Last week, Snapchat responded by requiring a phone number verification to use Find Friends and implementing a “SNAPTCHA,” their version of a CAPTCHA to catch bots. But within hours it was hacked and the break-in code was released. Smith also figured out a way to circumvent the added security, but for now, he’s keeping that code under wraps so it doesn’t get abused. “I’m not trying to make them enemies,” Smith says. “I just kinda want to work with them.”
He has no interest in working for the company, though, but he did do an interview over Google Hangouts for a programmer position that he says didn’t go well. “I thought it’d be neat to work for such an awesome company at that point,” he says. But now he’s disparaged by what he sees as a dismissal of suggestions that would benefit users.
“They’re not willing to go as far as they need to go to fix security,” he says, noting that if the app wants to implement the ironclad protection for its users he and others in the computer security world recommend, it will have to drop old versions of the app, therefore losing a slew of legacy users. The company’s refusal to do so is a misguided priority, he says.
“We continue to make significant progress in our efforts to secure Snapchat,” Mary Ritti, a spokeswoman for Snapchat, said of the response to Smith’s findings. “For security reasons, we cannot provide detailed information on security countermeasures.”

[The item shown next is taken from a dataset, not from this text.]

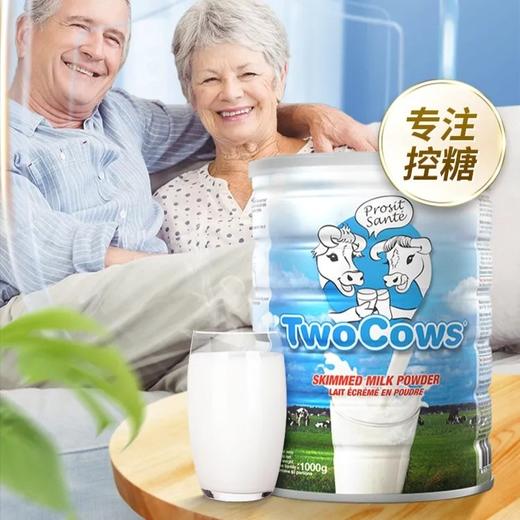 【保税区包邮直发】荷兰 TowCows双牛 全脂/脱脂奶粉 商品图2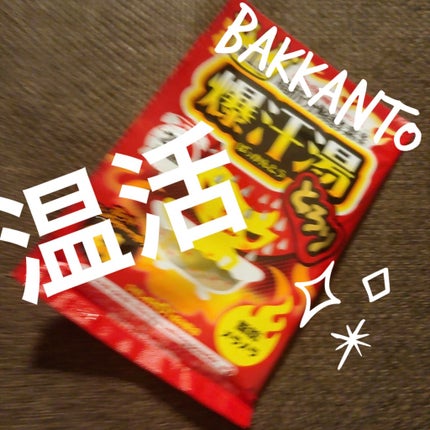 ホットジンジャーの香り/爆汗湯/炭酸系入浴剤を使ったクチコミ(1枚目)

Many large tech companies offer “bug bounties” for people who find flaws or weaknesses in their code. But not Snapchat. It’s something they’re apparently working on, Smith says Murphy recently told him. (Snapchat did not respond to a request to confirm this.)
“I doubt they will take any of the previous works by me or anyone else into consideration for bounties though,” Smith wrote in an email. “Too little, too late if you ask me.”
Apart from the phone number siphoning flaw, Smith is concerned about photo encryption, for which encryption keys are already published online. This means if a “man in the middle” attack occurred, in which a malicious hacker grabs information being sent between two users, and “someone intercepted a Snapchat being snapped, it would easily be decrypted” he says, calling the encryption “weak” and in need of a change.
For now, Smith will continue to test the strength of each patch Snapchat comes up with. And as the problems prevail, he’ll be pointing out issues. He also hopes to join forces with a few other security researchers to completely rebuild Snapchat with an entirely secure system and then posting the code to show them what they should be doing.
He hopes to go to Stanford and major in computer science, but for now he has to juggle homework with his online vigilante persona. “It costs me time, which is worth something I guess if you consider it has an effect on my grades,” he writes in an email. Luckily, he doesn’t have to try hard in AP Computer Science class, which he says his skills already surpass.
Meanwhile, in his high school hallways, the sophomore has become a bit of a celebrity. He has a slew of friend requests from people “who had no idea who I was” before the Snapchat notoriety. In the hallways he hears, “Congrats, that’s awesome, I hear you’re gonna be the next billionaire.”